* Brief *
Data follows below. Repeat exactly the lines between the line holding "applied directly to" and the line holding "درمان زگیل تناسلی با گانودرما", inclusive, and nothing more; drop pictures.

* Source records *
--- START ---

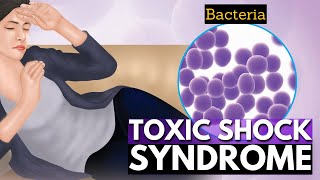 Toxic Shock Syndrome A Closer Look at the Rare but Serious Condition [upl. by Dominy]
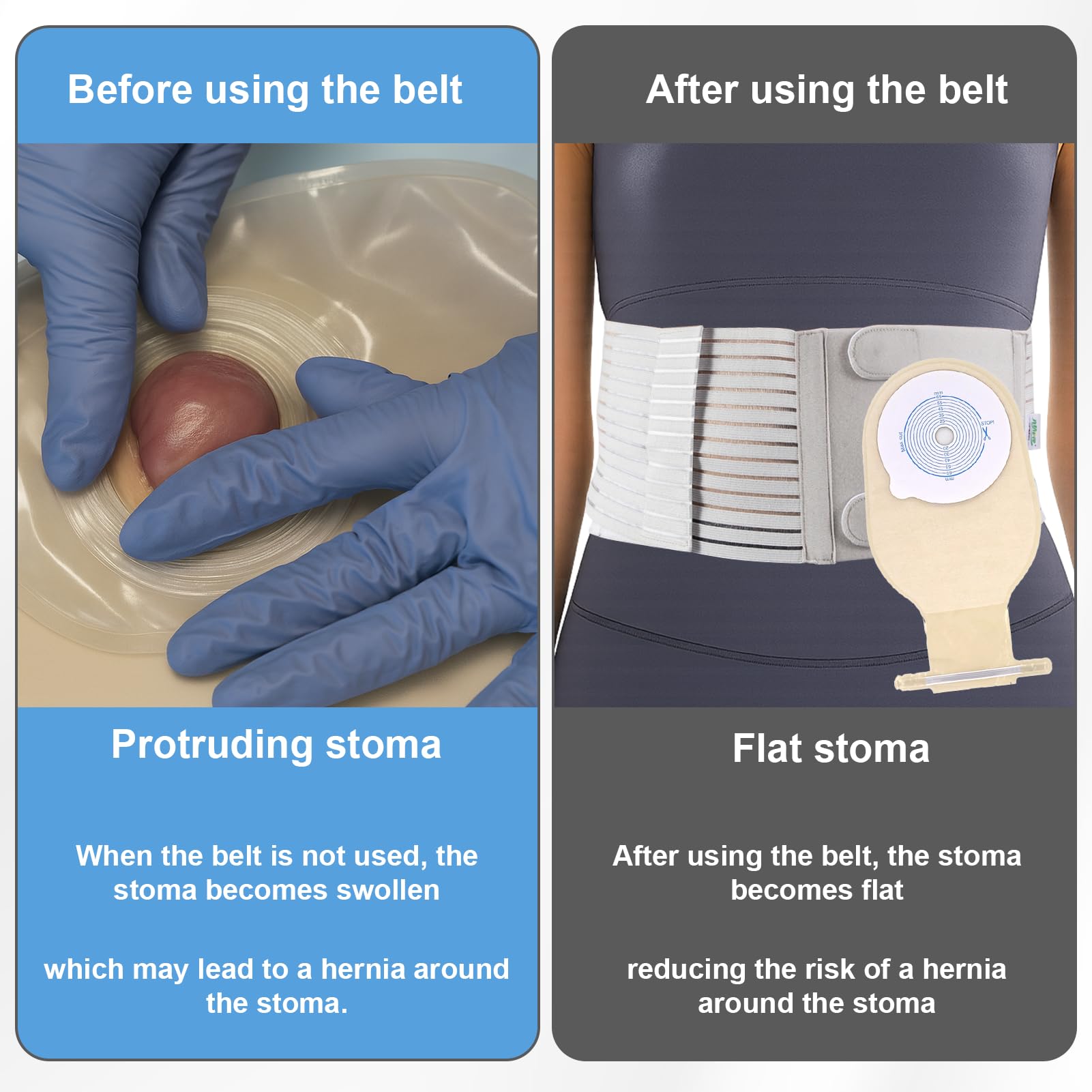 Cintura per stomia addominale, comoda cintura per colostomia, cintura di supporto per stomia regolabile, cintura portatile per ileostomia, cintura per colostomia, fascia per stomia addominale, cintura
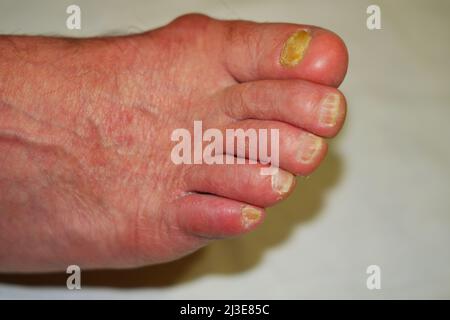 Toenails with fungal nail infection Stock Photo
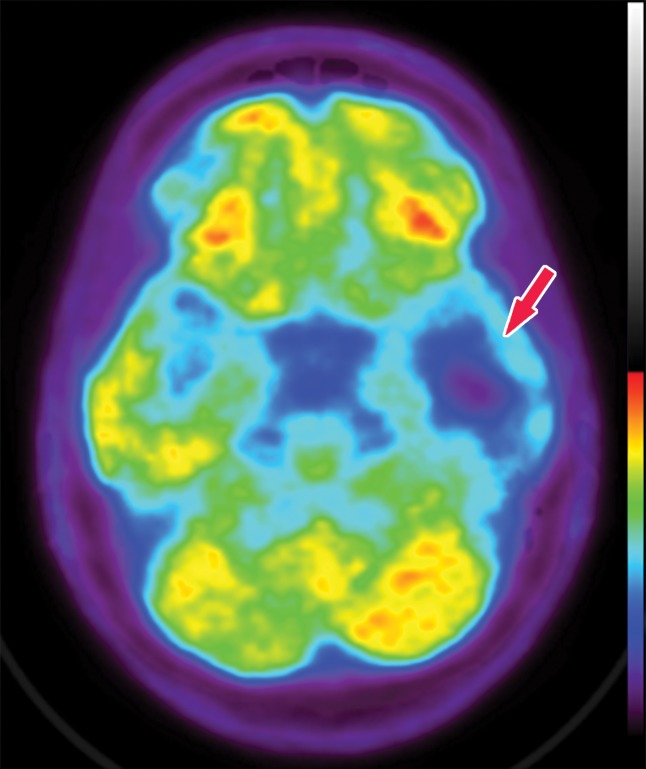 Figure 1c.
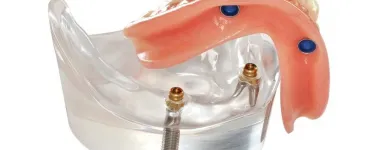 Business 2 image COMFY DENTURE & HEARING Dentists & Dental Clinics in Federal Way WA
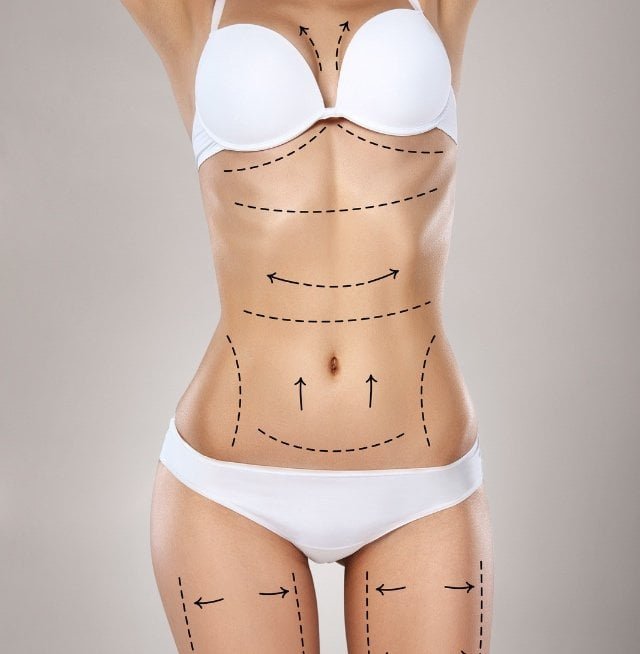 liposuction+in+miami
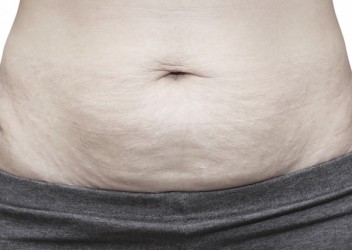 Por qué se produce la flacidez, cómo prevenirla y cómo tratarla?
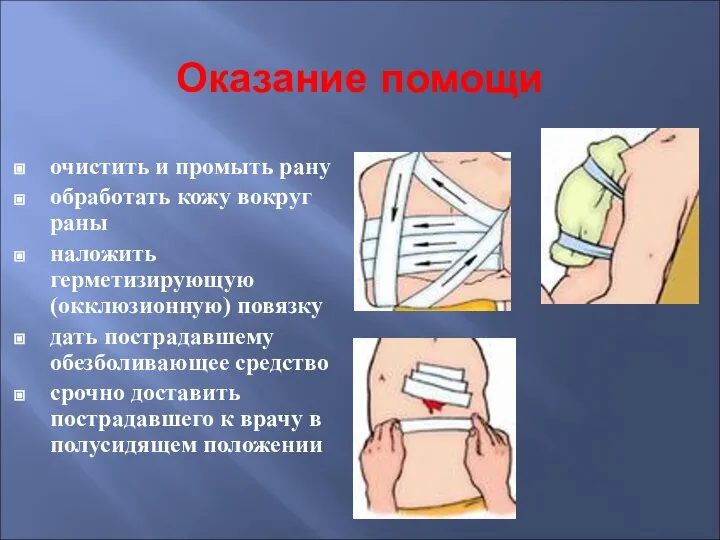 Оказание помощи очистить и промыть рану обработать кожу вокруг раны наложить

--- END ---
--- START ---

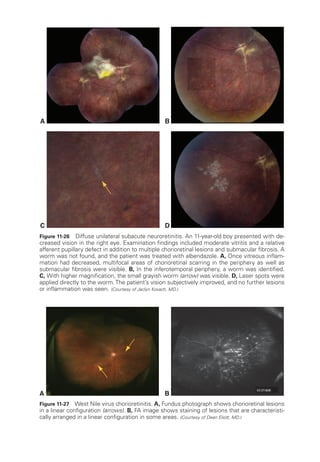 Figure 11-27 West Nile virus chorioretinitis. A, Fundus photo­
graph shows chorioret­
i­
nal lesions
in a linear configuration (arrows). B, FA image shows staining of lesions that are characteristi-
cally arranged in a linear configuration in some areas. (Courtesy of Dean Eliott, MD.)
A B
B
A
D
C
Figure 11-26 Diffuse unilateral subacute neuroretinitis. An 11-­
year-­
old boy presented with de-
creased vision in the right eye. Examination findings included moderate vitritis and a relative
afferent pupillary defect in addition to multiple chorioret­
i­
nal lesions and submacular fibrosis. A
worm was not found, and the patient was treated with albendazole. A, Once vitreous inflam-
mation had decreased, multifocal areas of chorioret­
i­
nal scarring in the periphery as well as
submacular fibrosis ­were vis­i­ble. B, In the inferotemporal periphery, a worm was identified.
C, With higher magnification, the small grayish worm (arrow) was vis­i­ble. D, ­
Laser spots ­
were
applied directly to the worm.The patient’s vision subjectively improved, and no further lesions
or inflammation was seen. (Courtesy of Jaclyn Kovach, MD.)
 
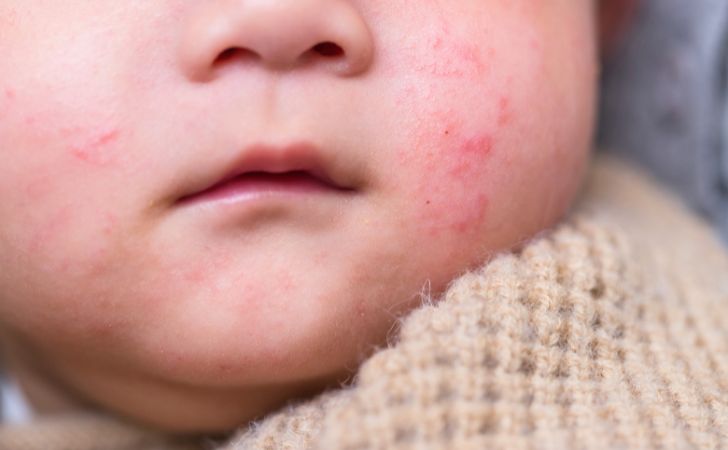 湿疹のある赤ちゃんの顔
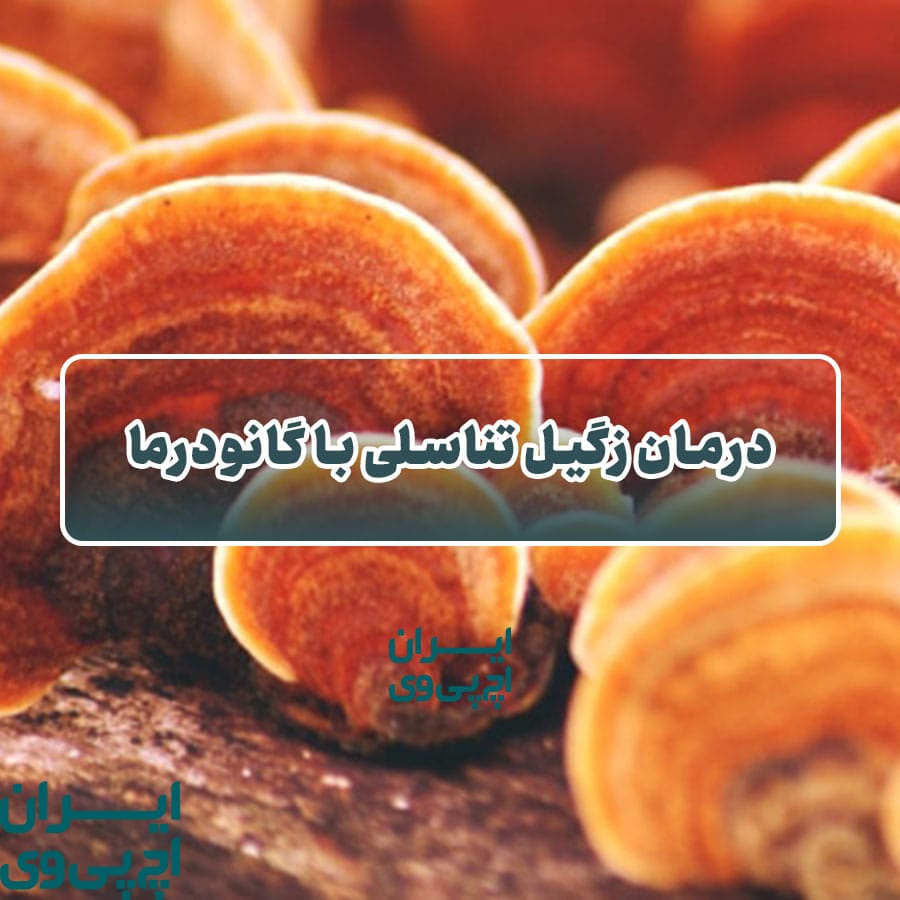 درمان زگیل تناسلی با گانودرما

--- END ---
--- START ---

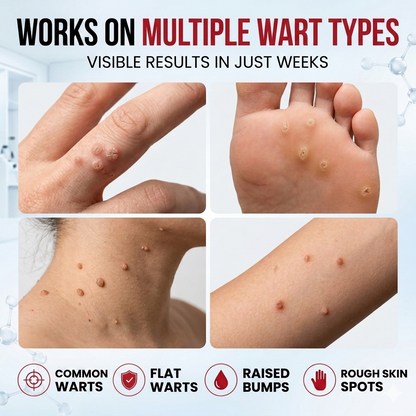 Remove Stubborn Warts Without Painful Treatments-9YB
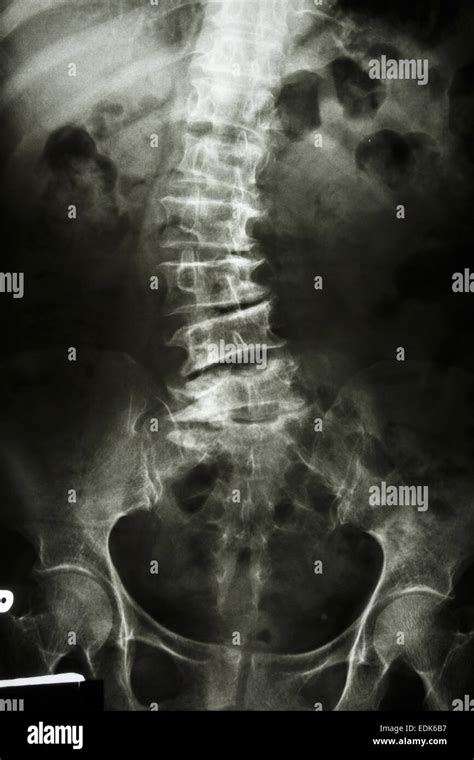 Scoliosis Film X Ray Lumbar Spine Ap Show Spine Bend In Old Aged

--- END ---

* Exercise solution *
applied directly to the worm.The patient’s vision subjectively improved, and no further lesions
or inflammation was seen. (Courtesy of Jaclyn Kovach, MD.)
 
 湿疹のある赤ちゃんの顔
 درمان زگیل تناسلی با گانودرما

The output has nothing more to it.